╔══
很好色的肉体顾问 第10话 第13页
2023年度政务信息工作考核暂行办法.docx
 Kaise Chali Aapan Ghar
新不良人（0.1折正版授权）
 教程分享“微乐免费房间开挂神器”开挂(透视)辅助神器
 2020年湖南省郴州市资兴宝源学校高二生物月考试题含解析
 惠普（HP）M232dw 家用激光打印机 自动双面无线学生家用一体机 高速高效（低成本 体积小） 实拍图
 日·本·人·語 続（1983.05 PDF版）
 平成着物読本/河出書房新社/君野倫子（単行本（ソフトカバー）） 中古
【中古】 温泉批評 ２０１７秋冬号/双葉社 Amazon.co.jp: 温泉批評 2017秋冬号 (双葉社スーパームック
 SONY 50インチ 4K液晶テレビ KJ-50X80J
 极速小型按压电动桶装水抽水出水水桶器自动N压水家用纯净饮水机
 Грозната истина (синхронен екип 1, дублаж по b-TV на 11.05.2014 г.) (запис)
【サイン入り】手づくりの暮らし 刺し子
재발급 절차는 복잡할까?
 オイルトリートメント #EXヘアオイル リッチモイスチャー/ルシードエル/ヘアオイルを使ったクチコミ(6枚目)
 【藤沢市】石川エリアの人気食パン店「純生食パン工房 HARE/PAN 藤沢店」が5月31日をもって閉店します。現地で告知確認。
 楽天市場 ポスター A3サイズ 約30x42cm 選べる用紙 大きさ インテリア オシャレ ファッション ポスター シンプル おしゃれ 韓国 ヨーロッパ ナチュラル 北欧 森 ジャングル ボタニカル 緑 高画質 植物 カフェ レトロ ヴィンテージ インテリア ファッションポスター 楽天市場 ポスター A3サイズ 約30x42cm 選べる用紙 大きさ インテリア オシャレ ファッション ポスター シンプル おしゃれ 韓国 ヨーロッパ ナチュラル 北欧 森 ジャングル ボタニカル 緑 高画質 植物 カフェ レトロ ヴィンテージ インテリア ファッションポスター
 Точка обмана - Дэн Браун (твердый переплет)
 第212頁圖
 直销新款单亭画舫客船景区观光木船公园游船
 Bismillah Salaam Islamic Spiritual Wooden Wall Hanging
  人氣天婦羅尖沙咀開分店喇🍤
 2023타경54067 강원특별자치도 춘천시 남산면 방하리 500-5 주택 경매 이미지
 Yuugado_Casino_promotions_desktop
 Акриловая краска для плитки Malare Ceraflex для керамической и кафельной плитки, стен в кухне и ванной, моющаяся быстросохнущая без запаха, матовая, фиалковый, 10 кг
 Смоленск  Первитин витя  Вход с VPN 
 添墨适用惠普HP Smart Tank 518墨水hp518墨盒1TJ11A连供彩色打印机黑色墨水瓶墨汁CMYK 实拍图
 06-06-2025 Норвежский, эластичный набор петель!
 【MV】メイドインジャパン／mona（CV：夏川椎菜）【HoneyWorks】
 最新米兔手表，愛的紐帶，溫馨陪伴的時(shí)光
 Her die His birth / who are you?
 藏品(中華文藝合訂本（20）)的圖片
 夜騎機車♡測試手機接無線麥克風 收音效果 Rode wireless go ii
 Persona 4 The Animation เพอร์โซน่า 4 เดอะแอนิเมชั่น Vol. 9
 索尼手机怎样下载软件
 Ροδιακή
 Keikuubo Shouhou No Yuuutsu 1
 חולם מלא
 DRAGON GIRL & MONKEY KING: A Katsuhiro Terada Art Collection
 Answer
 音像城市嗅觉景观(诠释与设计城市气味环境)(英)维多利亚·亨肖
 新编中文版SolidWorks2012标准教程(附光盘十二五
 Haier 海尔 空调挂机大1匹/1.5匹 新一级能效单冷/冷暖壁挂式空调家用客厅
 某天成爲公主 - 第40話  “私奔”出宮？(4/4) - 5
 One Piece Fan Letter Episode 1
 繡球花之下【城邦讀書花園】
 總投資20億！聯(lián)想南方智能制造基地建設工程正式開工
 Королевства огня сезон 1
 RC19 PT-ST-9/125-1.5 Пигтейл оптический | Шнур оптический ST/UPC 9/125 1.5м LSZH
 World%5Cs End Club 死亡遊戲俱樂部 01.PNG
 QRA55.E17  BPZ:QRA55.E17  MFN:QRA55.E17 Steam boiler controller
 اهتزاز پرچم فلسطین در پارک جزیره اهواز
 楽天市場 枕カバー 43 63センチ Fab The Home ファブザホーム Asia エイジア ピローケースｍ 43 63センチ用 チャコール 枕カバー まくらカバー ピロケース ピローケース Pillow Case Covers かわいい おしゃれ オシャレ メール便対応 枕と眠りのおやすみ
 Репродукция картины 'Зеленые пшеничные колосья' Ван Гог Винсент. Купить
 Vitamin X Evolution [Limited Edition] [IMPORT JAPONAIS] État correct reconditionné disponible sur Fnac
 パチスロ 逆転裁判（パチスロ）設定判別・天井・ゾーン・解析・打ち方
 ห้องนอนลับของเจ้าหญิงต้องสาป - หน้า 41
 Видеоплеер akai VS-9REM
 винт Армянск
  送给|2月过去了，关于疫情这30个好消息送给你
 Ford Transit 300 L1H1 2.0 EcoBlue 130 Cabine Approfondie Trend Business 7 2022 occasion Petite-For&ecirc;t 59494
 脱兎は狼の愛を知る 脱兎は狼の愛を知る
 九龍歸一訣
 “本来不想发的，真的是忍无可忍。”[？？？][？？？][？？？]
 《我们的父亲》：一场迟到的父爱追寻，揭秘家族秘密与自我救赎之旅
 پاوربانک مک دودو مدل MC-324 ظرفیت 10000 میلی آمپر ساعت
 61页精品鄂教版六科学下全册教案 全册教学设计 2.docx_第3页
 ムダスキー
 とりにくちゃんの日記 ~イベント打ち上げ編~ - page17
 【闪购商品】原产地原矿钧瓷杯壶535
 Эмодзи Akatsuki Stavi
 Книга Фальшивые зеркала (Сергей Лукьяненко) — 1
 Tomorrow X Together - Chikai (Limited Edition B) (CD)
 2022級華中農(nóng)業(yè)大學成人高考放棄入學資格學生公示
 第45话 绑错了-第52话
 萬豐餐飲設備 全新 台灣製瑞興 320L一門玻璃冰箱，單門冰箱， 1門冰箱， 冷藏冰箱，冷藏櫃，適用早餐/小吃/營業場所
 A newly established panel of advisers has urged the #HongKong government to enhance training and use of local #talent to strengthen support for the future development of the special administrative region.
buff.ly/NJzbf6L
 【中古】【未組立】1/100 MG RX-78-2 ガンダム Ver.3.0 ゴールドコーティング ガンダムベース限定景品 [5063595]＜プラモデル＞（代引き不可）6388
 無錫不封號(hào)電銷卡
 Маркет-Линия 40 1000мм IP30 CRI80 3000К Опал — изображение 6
╚══
**EXERCISE:** Using the listing above, gather each line that holds the string "Edition" and copy it.

**REPLY TO THE EXERCISE:**
 Vitamin X Evolution [Limited Edition] [IMPORT JAPONAIS] État correct reconditionné disponible sur Fnac
 Tomorrow X Together - Chikai (Limited Edition B) (CD)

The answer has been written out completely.